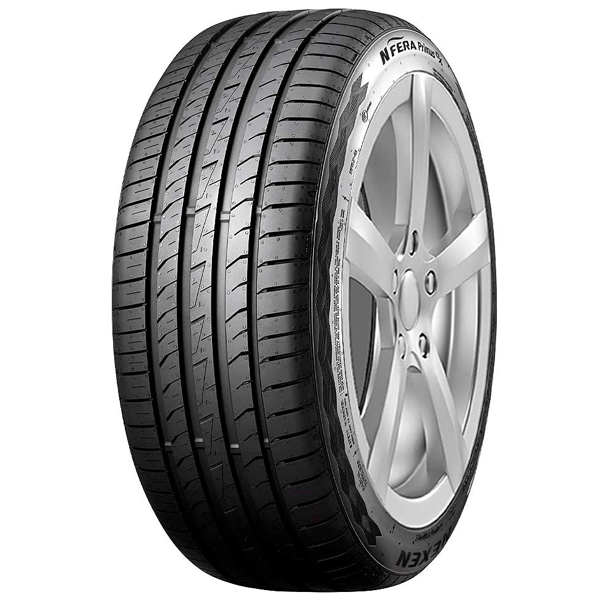 225/45R18 NEXEN NFERA PRIMUS QX бк 95 W XL (Китай)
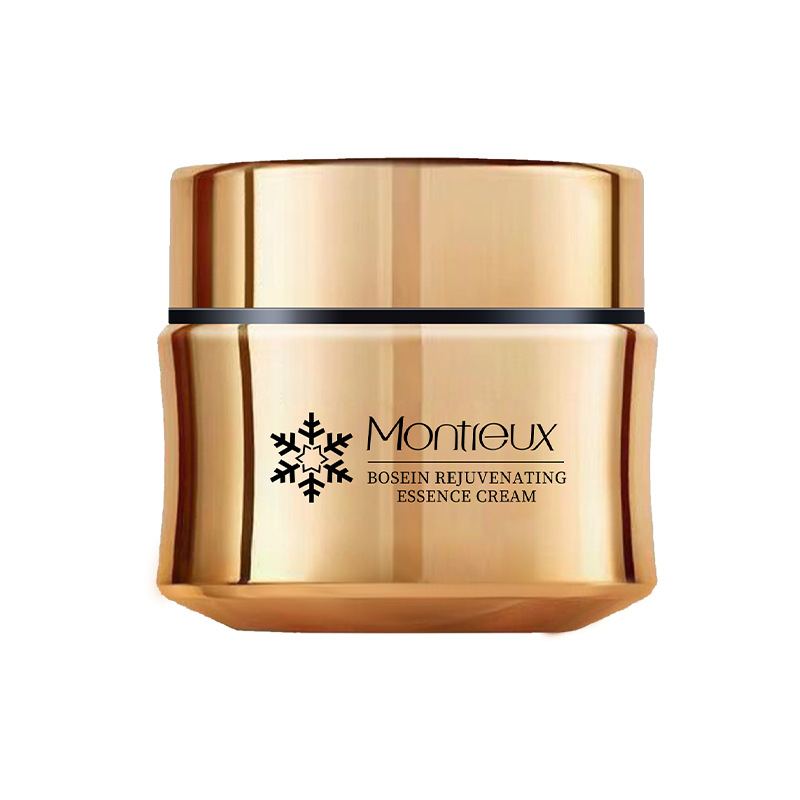 Bose due to high moisturizing cream anti-wrinkle firming anti-aging fine grain desalination pure cream flat for skin care wholesale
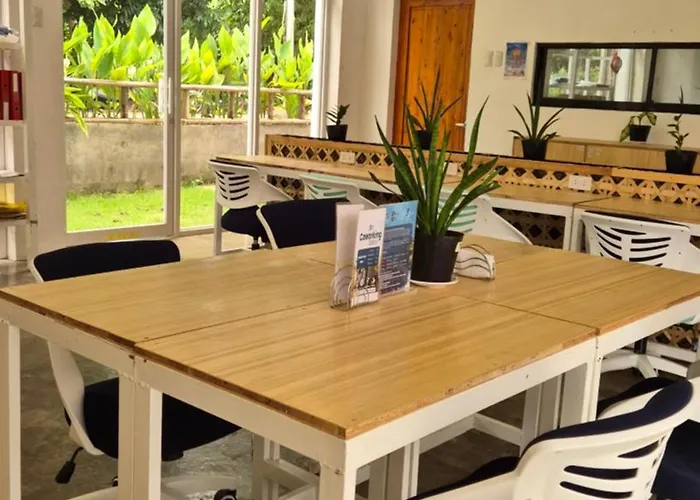 Locanda Camotes Fan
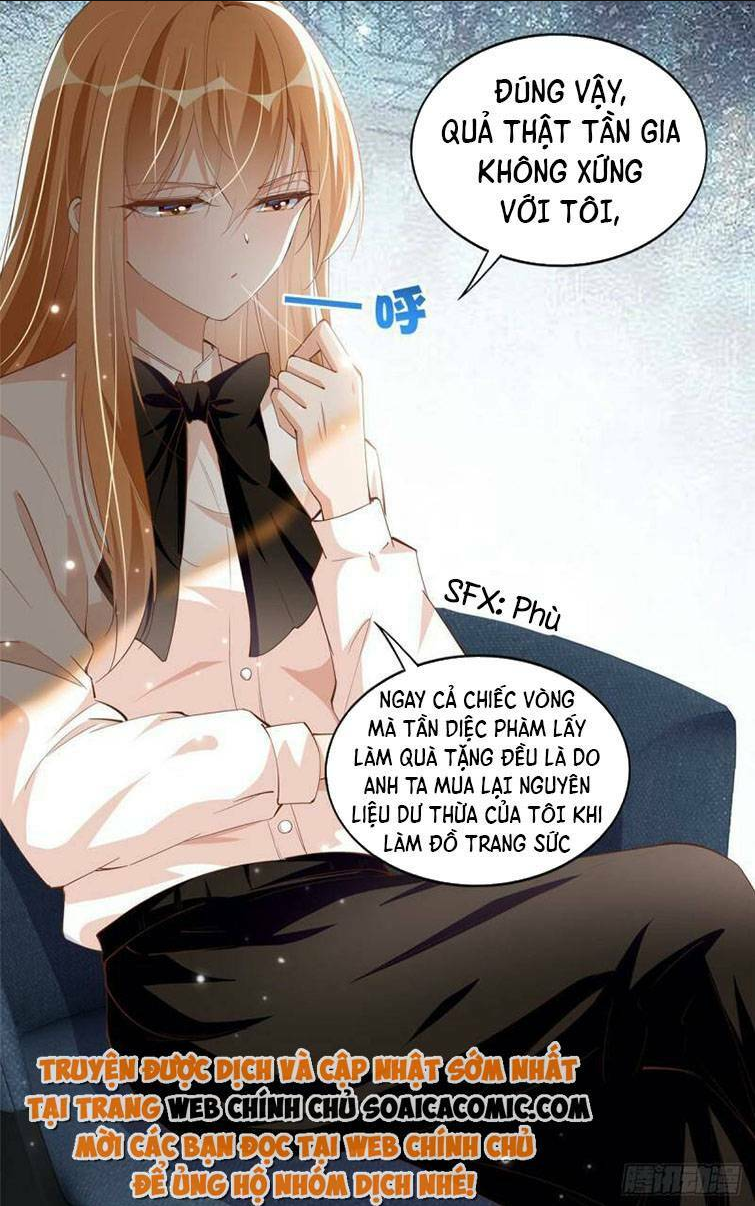 boss nhà giàu lại là nữ sinh trung học! chapter 50 - Next chapter 51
——
» **WHAT THE EXERCISE ASKS**
Could you please return each line of the material exactly, dropping the pictures?

» **OUTPUT BELOW**
 225/45R18 NEXEN NFERA PRIMUS QX бк 95 W XL (Китай)
 Bose due to high moisturizing cream anti-wrinkle firming anti-aging fine grain desalination pure cream flat for skin care wholesale
 Locanda Camotes Fan
 boss nhà giàu lại là nữ sinh trung học! chapter 50 - Next chapter 51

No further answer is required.